■ Task directions ■
Excluding pictures, what does the listing below contain from the line with "A time profile describes" up to and including the line with "Alright, here's how", word for word?

■ Information ■
◆ ◆ ◆

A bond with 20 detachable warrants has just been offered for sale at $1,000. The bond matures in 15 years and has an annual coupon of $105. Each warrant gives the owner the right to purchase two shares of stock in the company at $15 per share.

◆ ◆ ◆

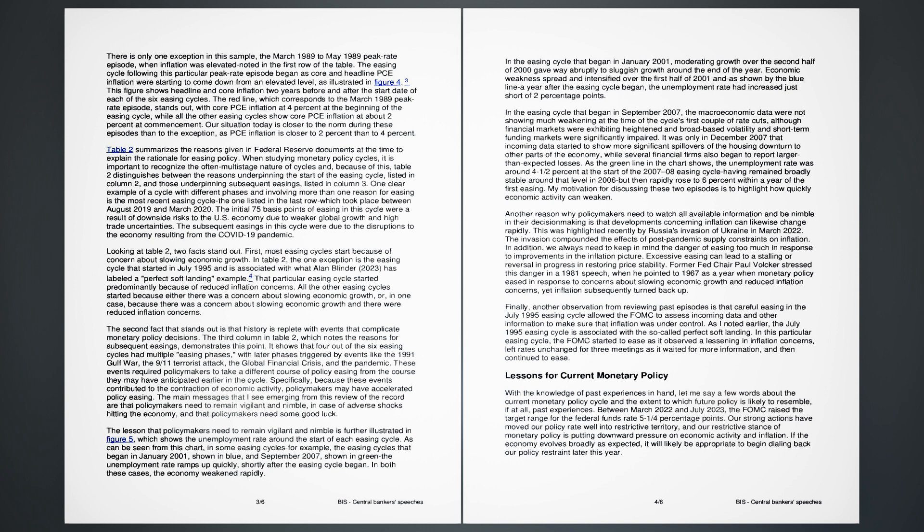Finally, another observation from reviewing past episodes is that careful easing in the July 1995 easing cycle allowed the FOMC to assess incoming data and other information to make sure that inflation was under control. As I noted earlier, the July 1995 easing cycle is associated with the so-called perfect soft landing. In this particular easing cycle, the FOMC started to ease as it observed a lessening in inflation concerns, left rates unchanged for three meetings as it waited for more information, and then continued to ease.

◆ ◆ ◆

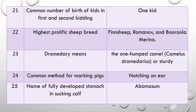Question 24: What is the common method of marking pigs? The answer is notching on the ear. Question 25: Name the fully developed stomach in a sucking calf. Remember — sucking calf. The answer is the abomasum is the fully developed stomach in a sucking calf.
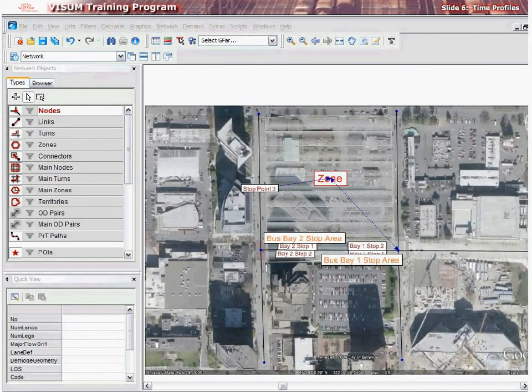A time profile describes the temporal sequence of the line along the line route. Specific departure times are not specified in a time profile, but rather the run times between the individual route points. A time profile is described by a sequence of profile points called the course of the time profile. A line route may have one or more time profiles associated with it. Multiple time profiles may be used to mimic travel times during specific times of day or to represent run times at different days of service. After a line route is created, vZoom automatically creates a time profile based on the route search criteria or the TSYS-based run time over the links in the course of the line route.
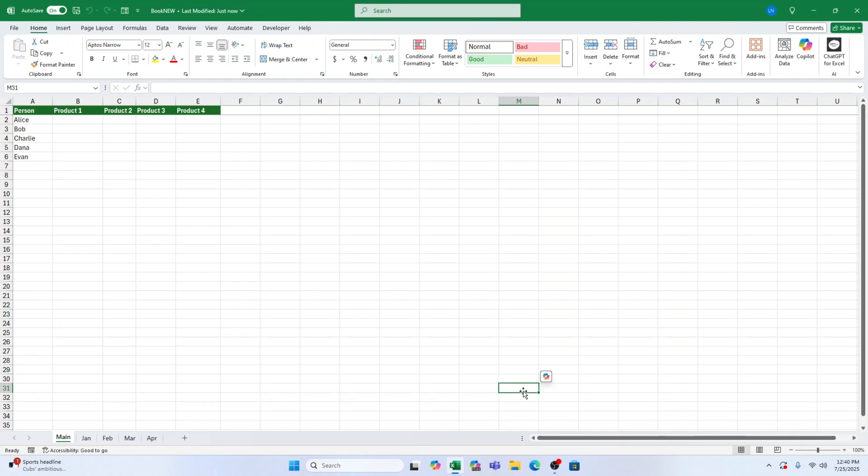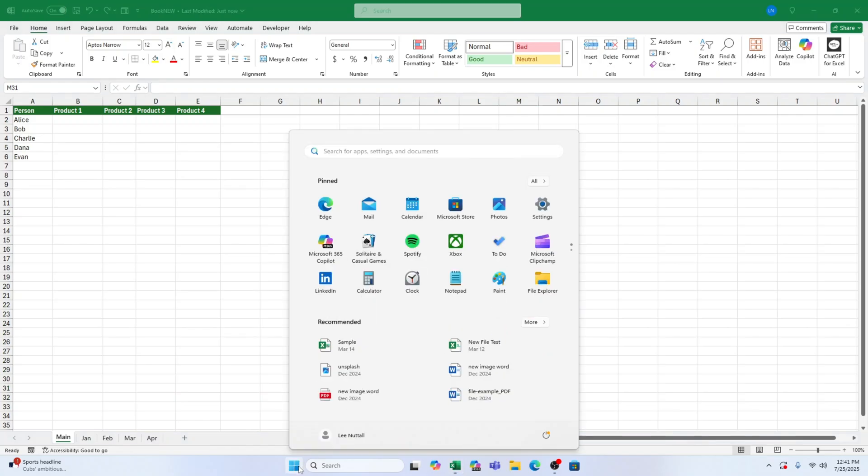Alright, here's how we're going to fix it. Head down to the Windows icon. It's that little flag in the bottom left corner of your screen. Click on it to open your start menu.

◆ ◆ ◆

■ Exercise solution ■
A time profile describes the temporal sequence of the line along the line route. Specific departure times are not specified in a time profile, but rather the run times between the individual route points. A time profile is described by a sequence of profile points called the course of the time profile. A line route may have one or more time profiles associated with it. Multiple time profiles may be used to mimic travel times during specific times of day or to represent run times at different days of service. After a line route is created, vZoom automatically creates a time profile based on the route search criteria or the TSYS-based run time over the links in the course of the line route.
Alright, here's how we're going to fix it. Head down to the Windows icon. It's that little flag in the bottom left corner of your screen. Click on it to open your start menu.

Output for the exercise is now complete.